Leggat was appointed exec director of the Film Society, which presents the annual San Francisco International Film Festival, in 2005. During his tenure, the organization's staff more than tripled from 11 to 23, its operating budget grew from $2 million to $6 million, and its membership rose by 98 percent as SFFS was transformed from a two-week-a-year film festival producer into a year-round cultural institution focused on exhibition, education and filmmaker services.
“For nearly six exciting and transformative years, Graham Leggat led the San Francisco Film Society with irrepressible determination, dash and design,” Pat McBaine, president of the Film Society’s board of directors, said. “His vision, leadership, passion, work ethic, tenacity, imagination and daring along with his colorful language and wicked Scottish sense of humor have indelibly marked our organization with a valuable legacy and left it in the best shape -- artistically, organizationally and financially -- in its 54-year history.”

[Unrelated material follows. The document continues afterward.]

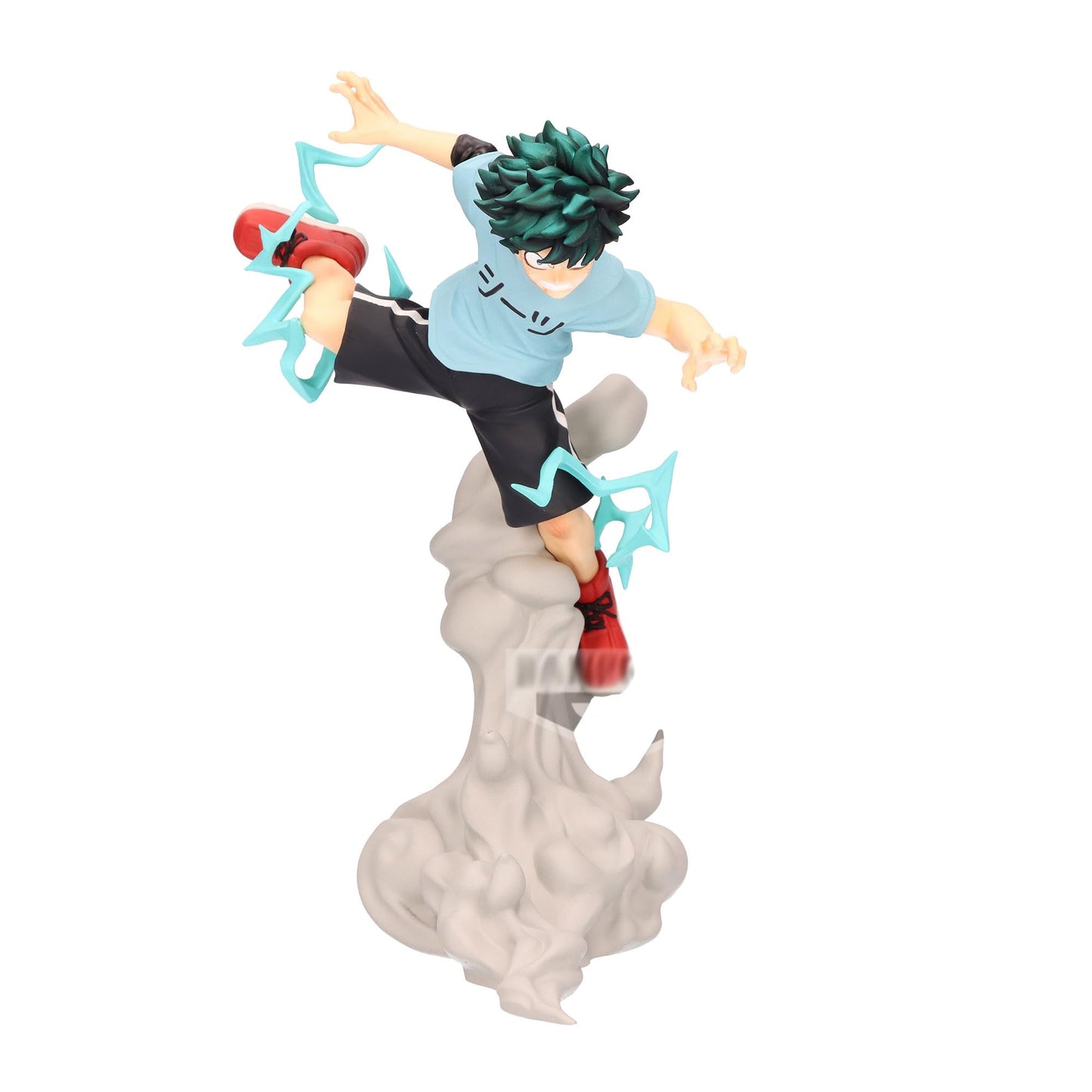 Banpresto - My Hero Academia - Izuku Midoriya, Bandai Spirits Combination Battle Figure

Under Leggat’s leadership, the Film Society expanded into year-round programming and now presents a fall season of seven focused festivals including Hong Kong Cinema, Taiwan Film Days, the NY/SF International Children’s Film Festival, French Cinema Now, Cinema by the Bay, the San Francisco International Animation Festival and New Italian Cinema. On Sep. 1, the San Francisco Film Society | New People Cinema will open a state-of-the art 143-seat theater in the New People building in San Francisco's Japantown.
Leggat was born March 12, 1960 in Epsom, Surrey to Scottish parents. His family immigrated to Toronto, Canada, where he attended high school. Having discovered the Beat writers, and through them Zen Buddhism, Leggat headed to Northern California for college, where he attended Stanford University. Although he eventually graduated from Stanford, while a student, he took a three-year detour to Tassajara Zen Mountain Center, where he studied to become a Buddhist priest. He also earned an MA in English and creative writing from Syracuse University in 1989.

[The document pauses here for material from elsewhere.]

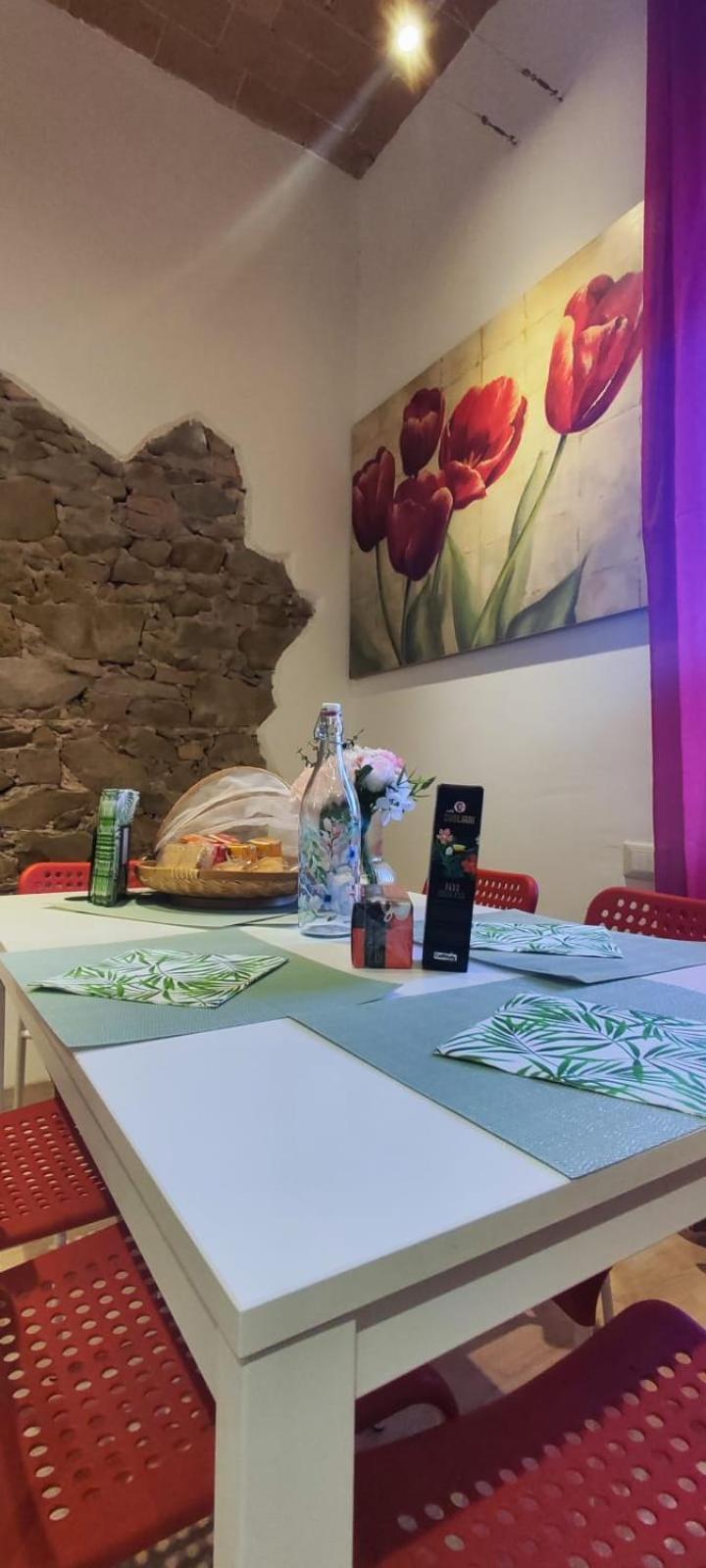 Casa Erica Διαμέρισμα Πιομπίνο Εξωτερικό φωτογραφία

After graduating school, Leggat worked as a freelance journalist before landing his first film job working with Richard Herskowitz and Mary Fessenden at Cornell Cinema. As coordinator for the Central New York Programmers Group, he organized screenings and conferences, curated film packages and arranged for filmmakers to tour exhibition venues throughout upstate New York.
Before joining the Film Society, Leggat held positions with the American Museum of the Moving Image, the Museum of Modern Art and the Film Society of Lincoln Center. He was the associate publisher of Film Comment magazine, contributing editor for Filmmaker magazine and columnist for the New York Daily News. His novel, Song of a Dangerous Paradise, was published in 2007.
At the 2009 International Film Festival Summit, Leggat received the Director Excellence Award, presented to the film festival director who has made considerable contributions and a lasting impact on his film festival and independent film, with an emphasis on festival growth, new programs, organizational structure and overall vision.
Leggat is survived by his parents Graham and Marilyn of Niagara Falls, Canada; son William and daughters Vhary and Isabelle; sister Alexandra Leggat of Toronto; partner Diana Chiawen Lee; former wife Ellen Hughes, mother of his daughters; and former wife Lillian Heard, mother of his son.
In lieu of flowers, donations may be made to the San Francisco Film Society. A memorial service, open to the public, is planned for late September.